Diana Copperwhite RHA (born 1969) is an Irish painter. She is a member of Aosdána, an elite Irish association of artists. She lives and works in Dublin and New York City.

==Early life and education==
Copperwhite was born in Limerick in 1969. She grew up in Patrickswell. Her father, Patrick Copperwhite, was a science teacher and self-taught artist who exhibited at the Oriel Gallery. She studied at Limerick School of Art and Design, the National College of Art and Design (NCAD, Dublin) and Winchester School of Art.

==Career==
Copperwhite is chiefly known for her work in oil painting; art critic Gail Levin says that her work "creates an exquisite tension between abstraction and figuration or representation of any kind. […] vibrating spectral bands have become a kind of a trademark in Copperwhite’s recent large paintings […] Copperwhite believes that in her paintings she has responded to Ireland’s changeable weather, which may have caused her to see the world as if she was looking through a visor into a “grey low-light vision." She has also named 1960s psychedelic album covers as inspiration.

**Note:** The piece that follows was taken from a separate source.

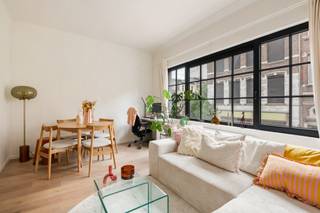 <p>Op de eerste verdieping van een kleinschalig gebouw met slechts drie appartementen bevindt zich dit recent gerenoveerde 1-slaapkamerappartement. Dankzij de kwalitatieve afwerking, de praktische indeling en het aangename terras is dit de ideale woonst voor wie comfortabel en rustig wil wonen.</p>
<p>De lichtrijke leefruimte sluit aan op de volledig uitgeruste keuken. Verder beschikt het appartement over een volwaardige slaapkamer, een moderne badkamer en een gezellig terras waar u in alle rust kan genieten.</p>
<p>Extra bergruimte is voorzien dankzij de private kelderberging.</p>
<p>De gemeenschappelijke kosten bedragen slechts € 30 per maand. Alle nutsvoorzieningen (gas, water en elektriciteit) beschikken over aparte meters en worden rechtstreeks op naam van de huurder geplaatst.</p>
<p><strong>Beschikbaar vanaf 15 september.</strong></p>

In a 2017 review for Hyperallergic, Copperwhite’s work was described as employing multicolored, banded brushstrokes that create gradient effects.The review noted that her paintings combine elements of abstract expressionism with a contemporary visual language influenced by digital aesthetics, and that they often incorporate fragmentary figurative forms within complex, layered compositions.

She has lectured at NCAD, Western Sydney University and the University of Massachusetts; she was elected to Aosdána in 2021.

In 2025, Copperwhite’s work was included in a Stoney Road Press exhibition at the Clifden Arts Festival, where her paintings were presented as fine art prints produced in collaboration with Stoney Road Press.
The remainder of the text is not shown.